==== SUPPLIED MATERIAL ====
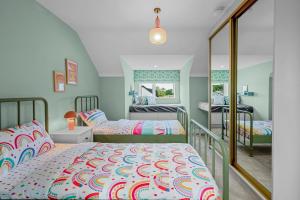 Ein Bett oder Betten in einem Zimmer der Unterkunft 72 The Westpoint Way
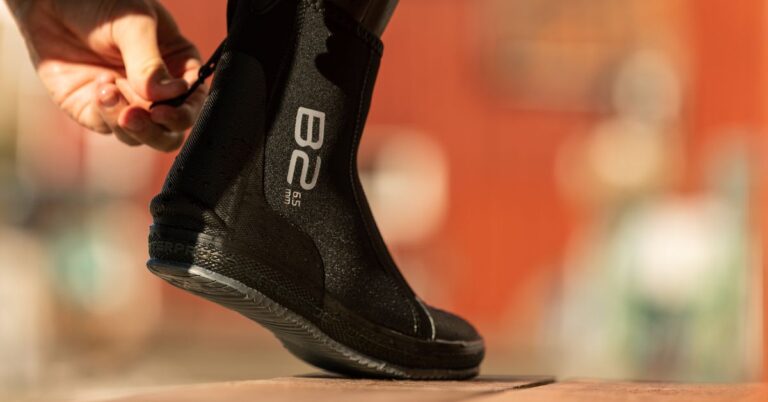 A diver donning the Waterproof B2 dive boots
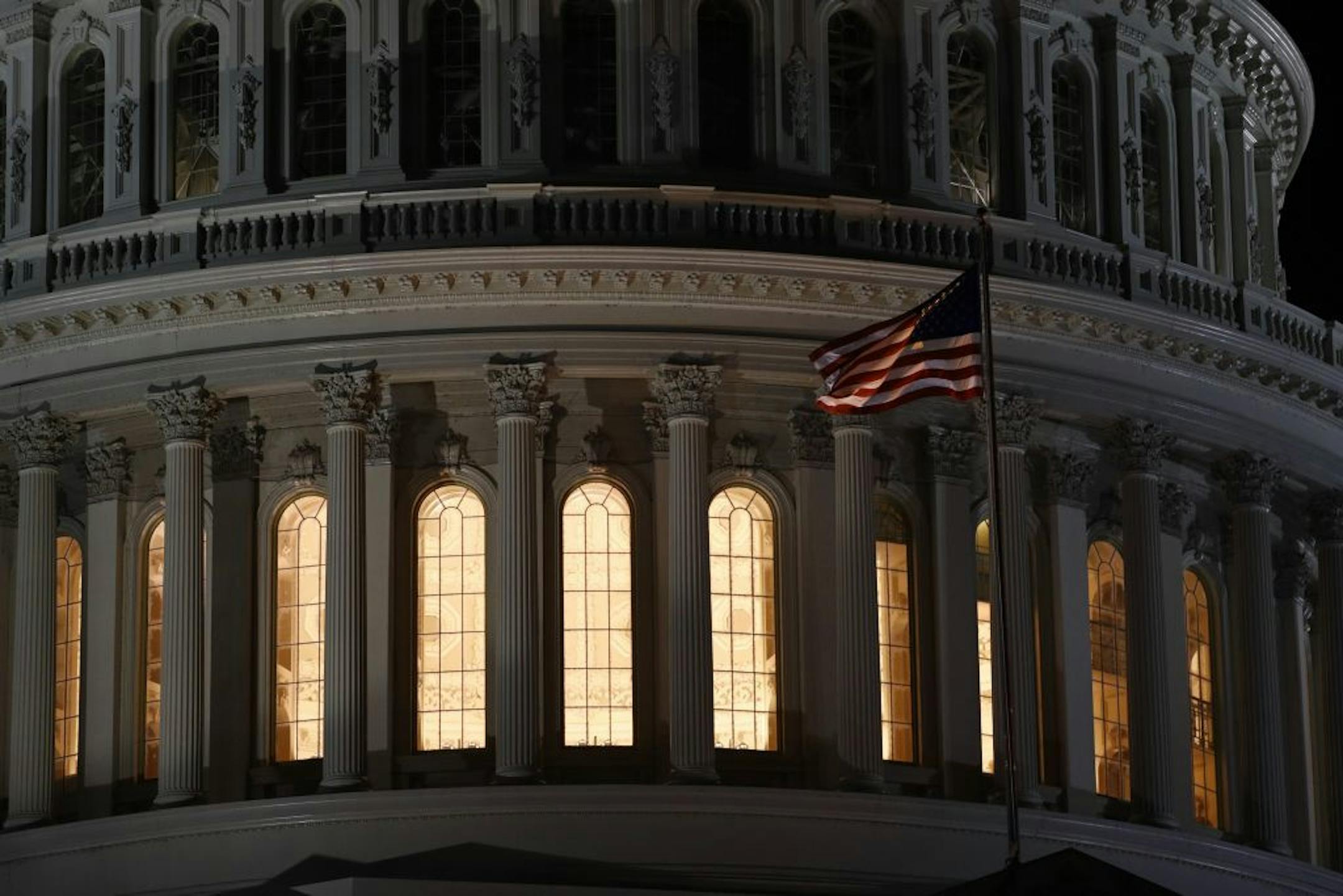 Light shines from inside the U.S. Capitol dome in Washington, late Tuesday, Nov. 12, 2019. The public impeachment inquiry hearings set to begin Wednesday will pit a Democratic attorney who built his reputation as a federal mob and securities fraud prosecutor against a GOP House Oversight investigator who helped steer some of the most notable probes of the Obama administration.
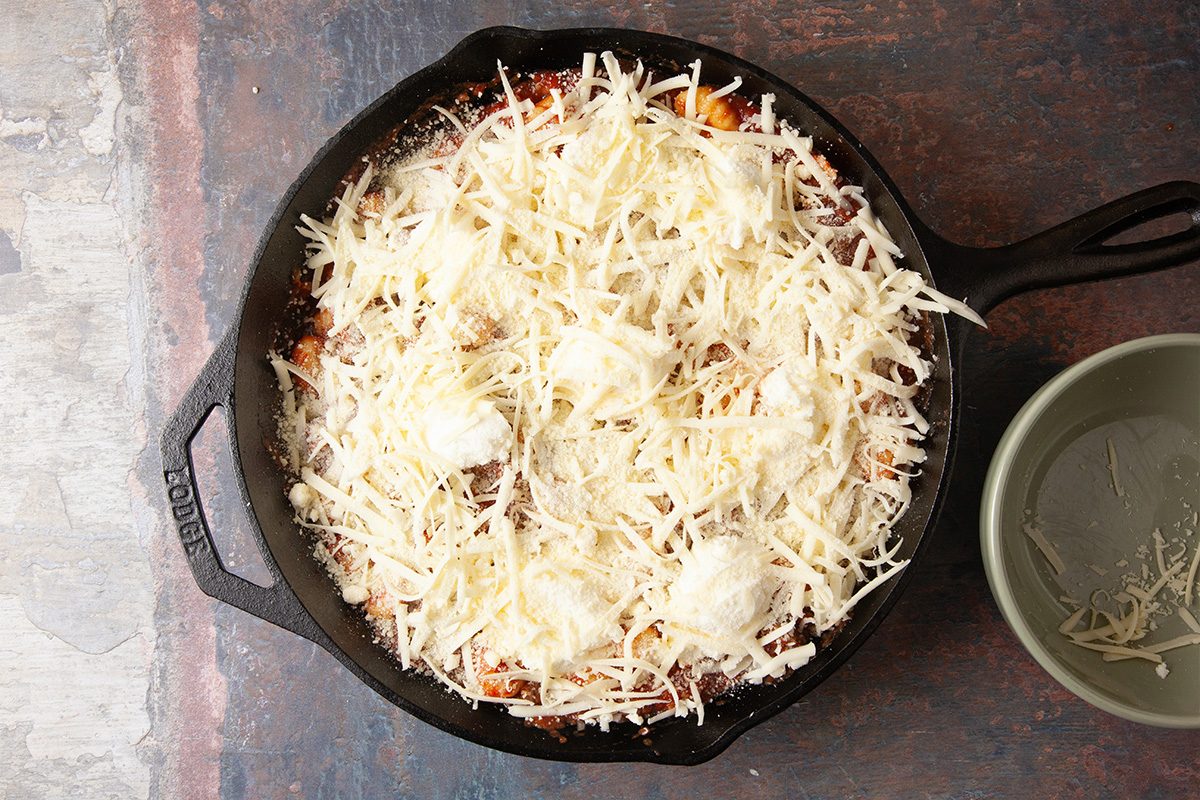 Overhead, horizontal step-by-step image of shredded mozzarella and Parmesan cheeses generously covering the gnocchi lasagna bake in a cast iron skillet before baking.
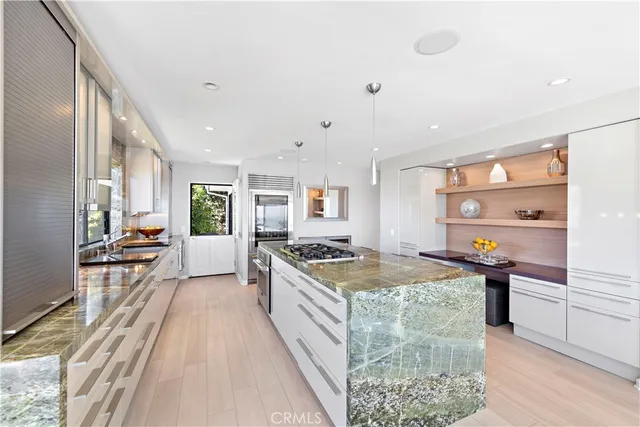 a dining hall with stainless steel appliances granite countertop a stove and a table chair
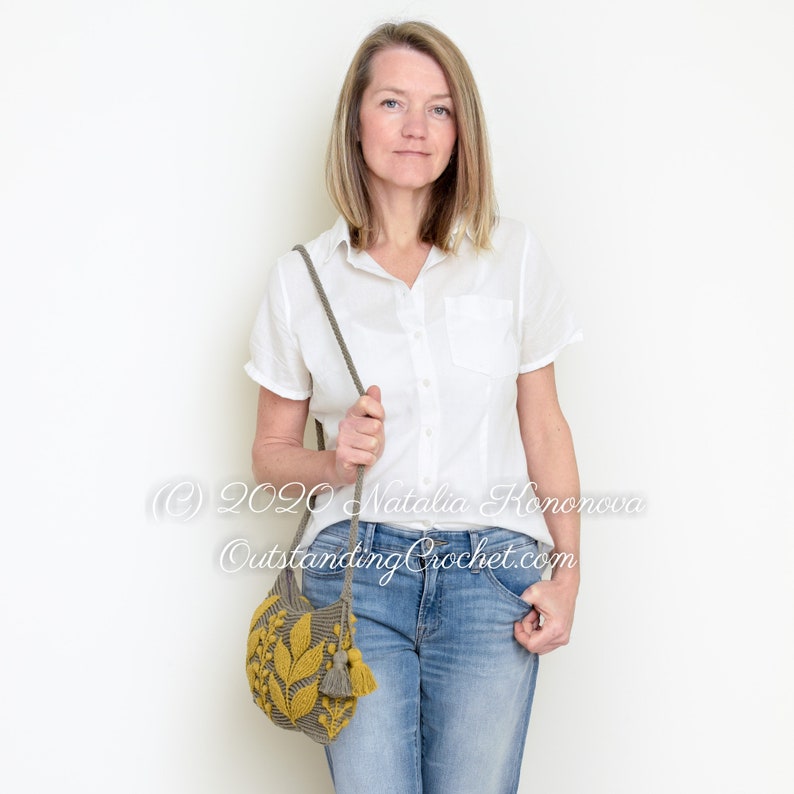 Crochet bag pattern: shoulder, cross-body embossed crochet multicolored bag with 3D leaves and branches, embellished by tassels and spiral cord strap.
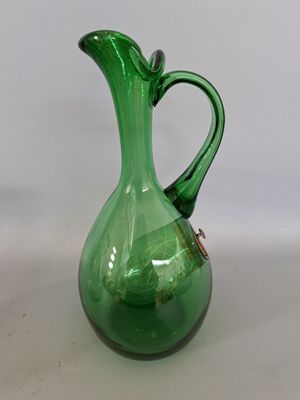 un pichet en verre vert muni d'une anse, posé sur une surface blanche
====
==== SUPPLIED MATERIAL ====
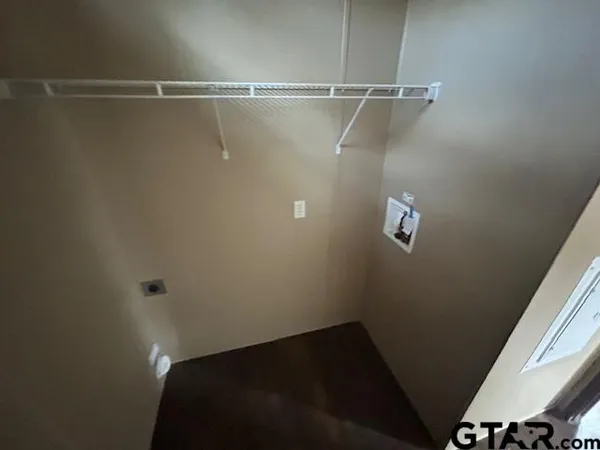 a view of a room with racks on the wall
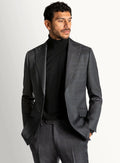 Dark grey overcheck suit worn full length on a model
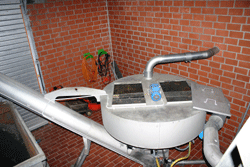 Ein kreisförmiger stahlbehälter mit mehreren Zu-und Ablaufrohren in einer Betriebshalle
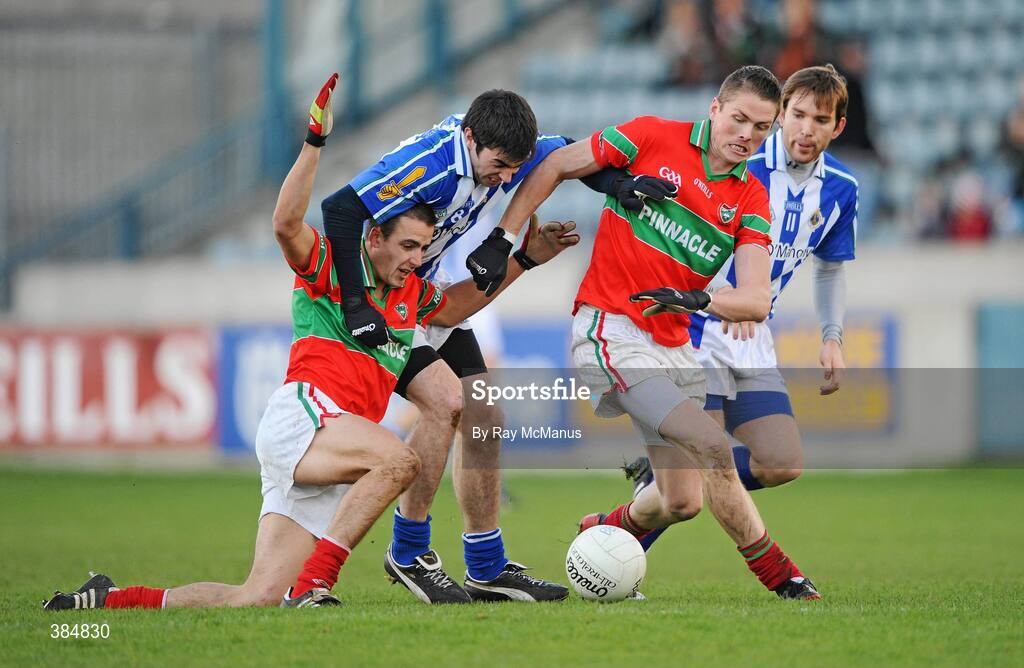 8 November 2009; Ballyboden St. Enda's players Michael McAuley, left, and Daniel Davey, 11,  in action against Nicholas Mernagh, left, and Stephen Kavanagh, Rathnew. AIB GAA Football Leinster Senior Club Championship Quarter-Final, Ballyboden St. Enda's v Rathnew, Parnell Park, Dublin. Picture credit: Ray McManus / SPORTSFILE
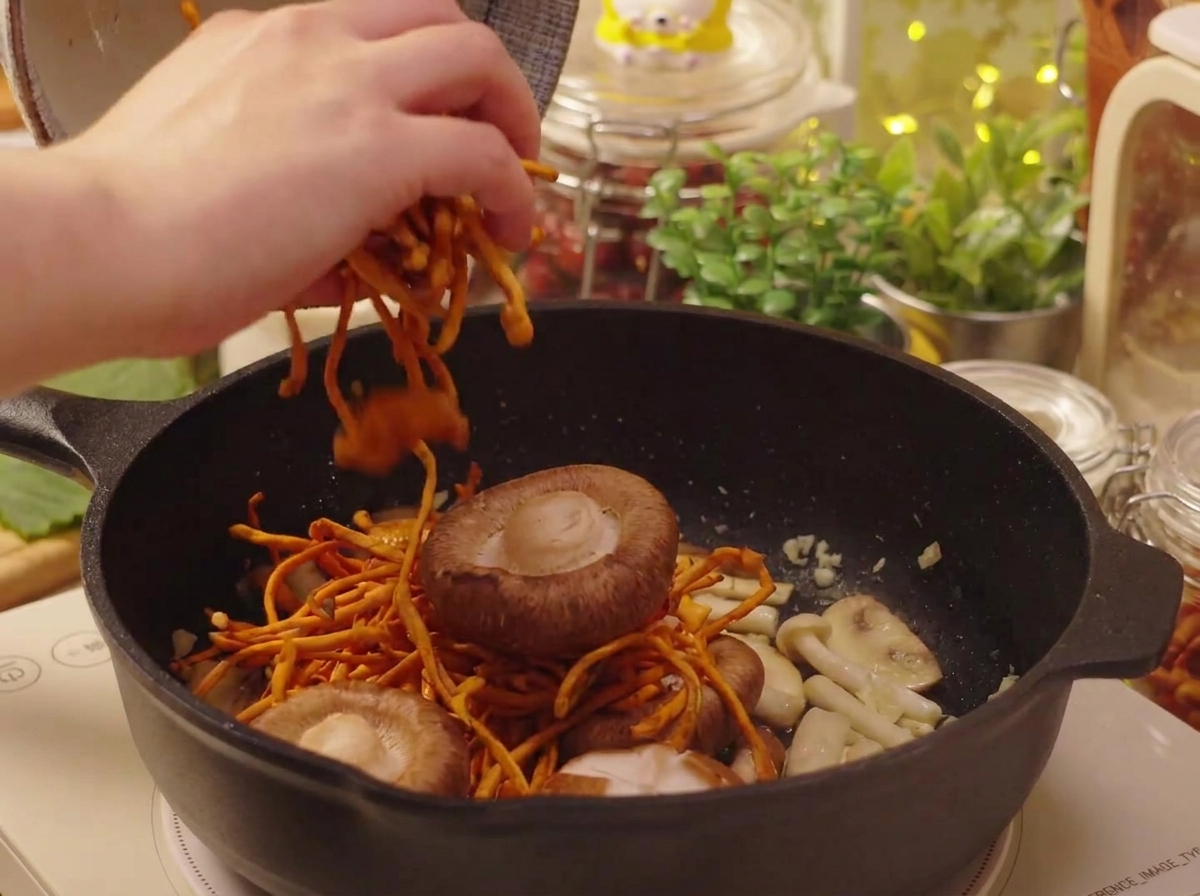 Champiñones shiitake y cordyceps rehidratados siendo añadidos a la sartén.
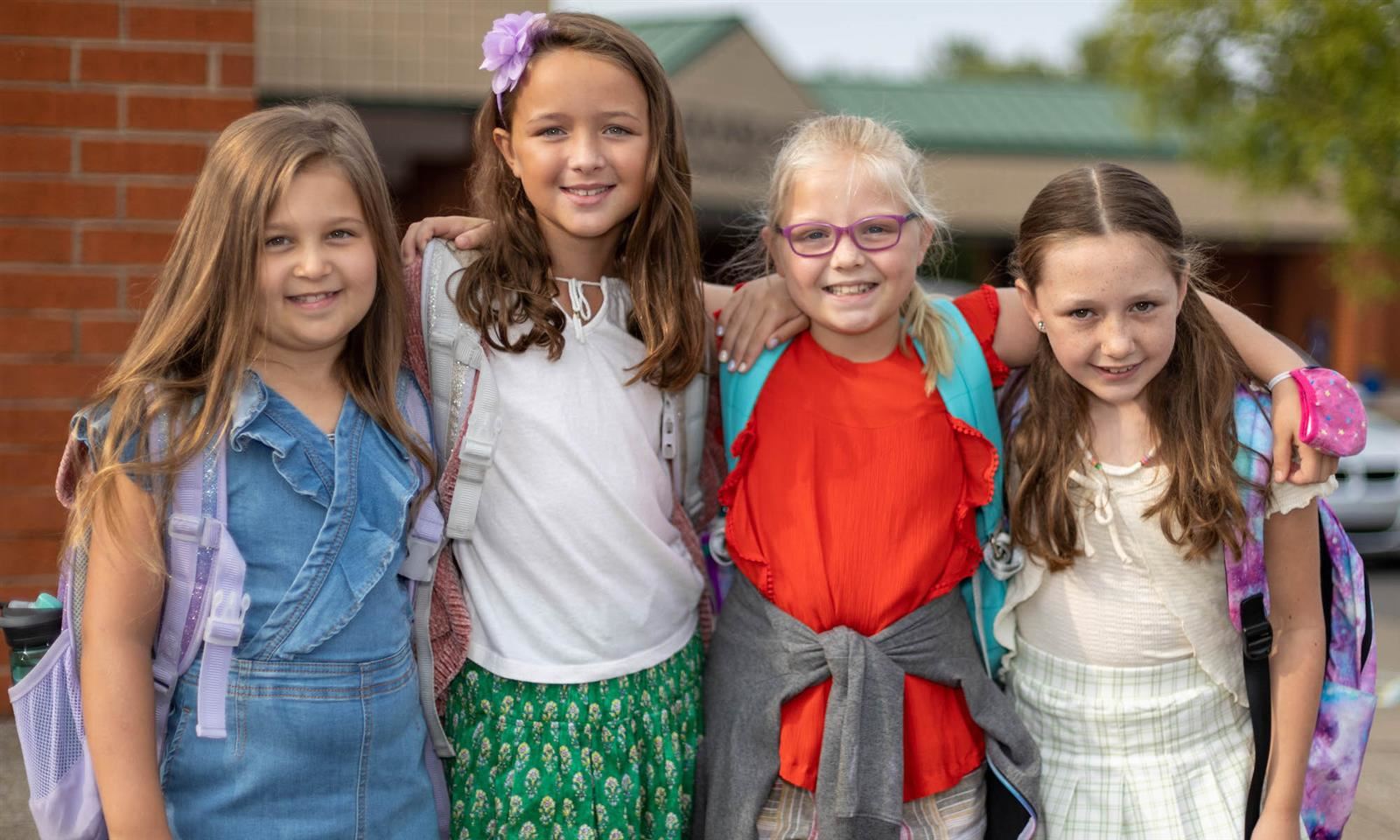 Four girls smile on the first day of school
====
TASK TO CARRY OUT
Look above for the line with "Ein Bett oder" and the line with "A diver donning the Waterproof B2 dive boots". Give again exactly those two lines and all lines between them, pictures excluded.

RESULT OF THIS TASK
 Ein Bett oder Betten in einem Zimmer der Unterkunft 72 The Westpoint Way
 A diver donning the Waterproof B2 dive boots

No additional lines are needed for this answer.